Amsal 9 : 1 – 18
Sobat Pria Kaum Bapa yang kekasih di dalam Tuhan.
Sejak zaman Israel Kuno, orang-orang begitu mengagungkan hikmat, pengetahuan, pengertian untuk menemukan dan mengartikan berbagai hal, bahkan hal-hal yang sifatnya misteri atau yang tak dapat dijawab oleh manusia biasa. Namun umat Allah sungguh percaya bahwa hikmat yang sejati itu berasal atau bersumber dari Tuhan Allah. Dalam sejarahnya, umat Israel mengenal hikmat itu, sama seperti hikmat yang diberikan Tuhan kepada raja Salomo.

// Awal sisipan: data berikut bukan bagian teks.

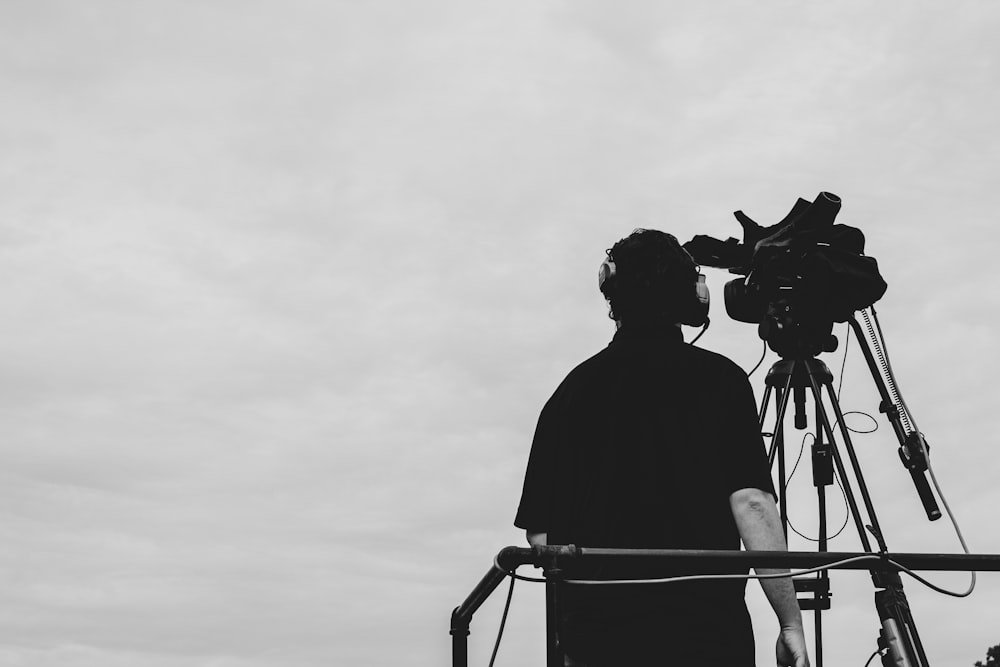 greyscale photography of man standing beside video camera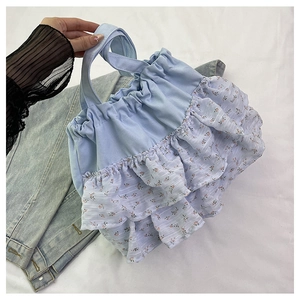 Detalle de bolso tote de tela azul claro con volantes florales blancos de doble capa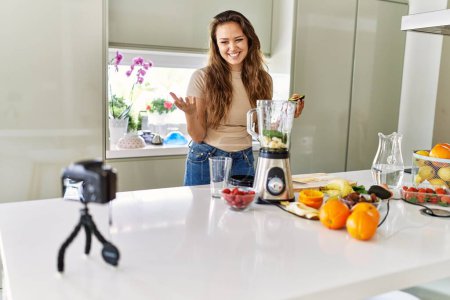 Photo for Young beautiful hispanic woman preparing vegetable smoothie with blender recording video tutorial with camera at the kitchen - Royalty Free Image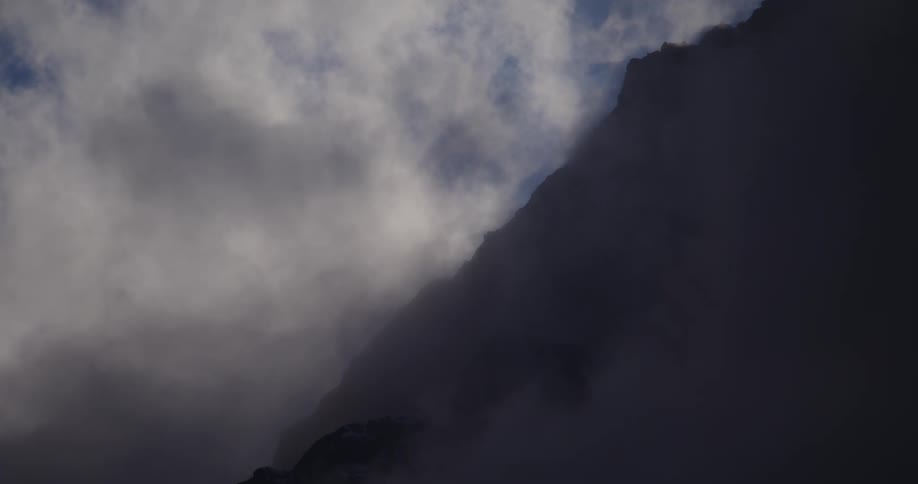 A mountain slope with clouds and fog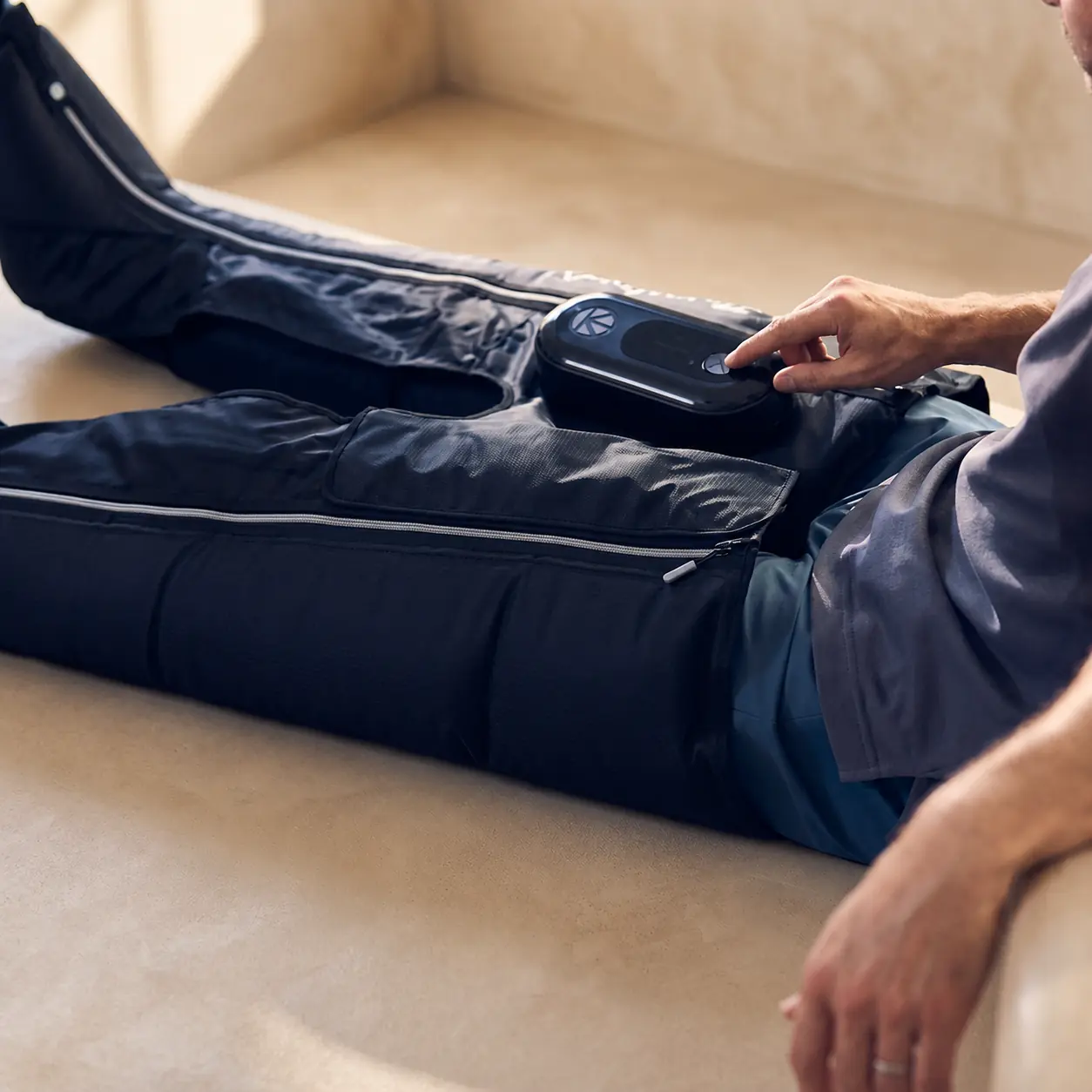 A guest relaxing in Pulsio compression boots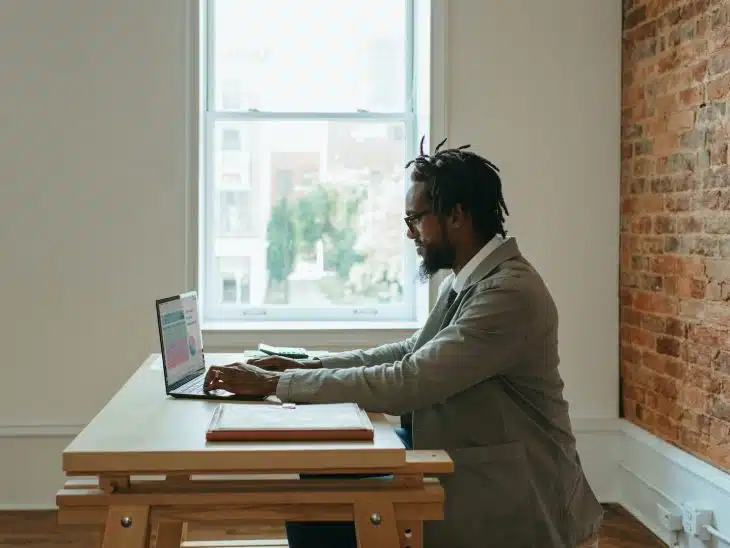 a person sitting at a desk with a laptop and papers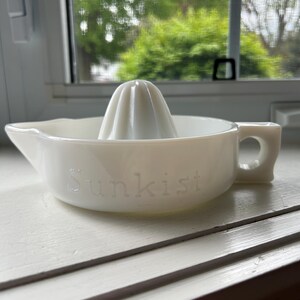 Peut inclure: Presse-agrumes vintage en verre blanc avec un presse-agrumes et un bec verseur. Le mot "Sunkist" est en relief sur le côté. Le presse-agrumes est posé sur une surface blanche près d'une fenêtre.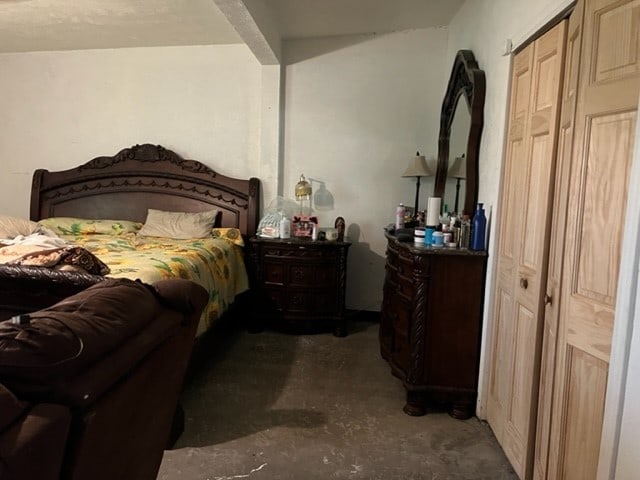 bedroom with a closet and concrete floors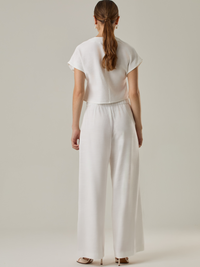 Pantalón de tiro alto y bota amplia que alarga visualmente la figura. Tiene una caída suelta y elegante que aporta movimiento con cada paso. Su diseño minimalista permite múltiples combinaciones, desde looks casuales hasta más sofisticados.

Detalles:

Color: Blanco Perla
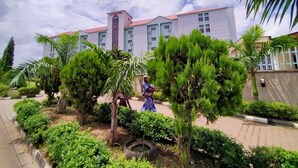 A hotel with a modern design, featuring a large building with multiple windows and a red roof. - Laps New World Hotel (Abuja)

Khususnya dalam bagian Alkitab ini, pengamsal menggambarkan hikmat seperti seorang yang mendirikan rumah yang kokoh dan dapat disaksikan orang yang lewat. Sang “tuan rumah” kemudian menyediakan pesta dan membuka pintunya bagi siapapun yang mau datang. Para pelayannya diminta mengundang orang-orang yang “tak berpengalaman” dan bodoh, artinya orang-orang yang mau belajar untuk memperoleh hikmat. Ia juga memberi nasihat praktis tentang kepada siapa dan bagaimana memberi nasihat. Janganlah memberi nasihat kepada pencemooh dan orang fasik, sebab yang akan diterima hanyalah penolakan dan cemoohan. Sebaliknya, hanya orang bijak dan orang benar yang dapat menerima nasihat dan didikan. Mereka menghargai apa yang dinasihatkan. Jadinya, mereka makin bijak dan pengetahuannya makin bertambah.
Pengamsal juga mengungkap pentingnya mengetahui sumber hikmat yaitu “takut akan Tuhan” dan “mengenal yang Mahakudus adalah pengertian” (Amsal 9:10). Takut akan Tuhan adalah ketakjuban pada kuat kuasa Tuhan yang melahirkan rasa hormat yang mendalam kepada-Nya. Selain penuh kuasa, Tuhan Mahakudus sehingga sudah seharusnya manusia selalu berusaha hidup kudus. Selanjutnya dikatakan bahwa dengan hikmat, umur diperpanjang karena seorang berhikmat akan tahu cara memelihara dan menghargai kehidupan anugerah Tuhan. Pengamsal memastikan ada manfaat langsung maupun tidak langsung yang akan dirasakan seorang yang memiliki hikmat Tuhan. Sebaliknya si pencemooh menanggung akibatnya sendiri. Apa yang ditabur, itulah juga yang akan dituainya.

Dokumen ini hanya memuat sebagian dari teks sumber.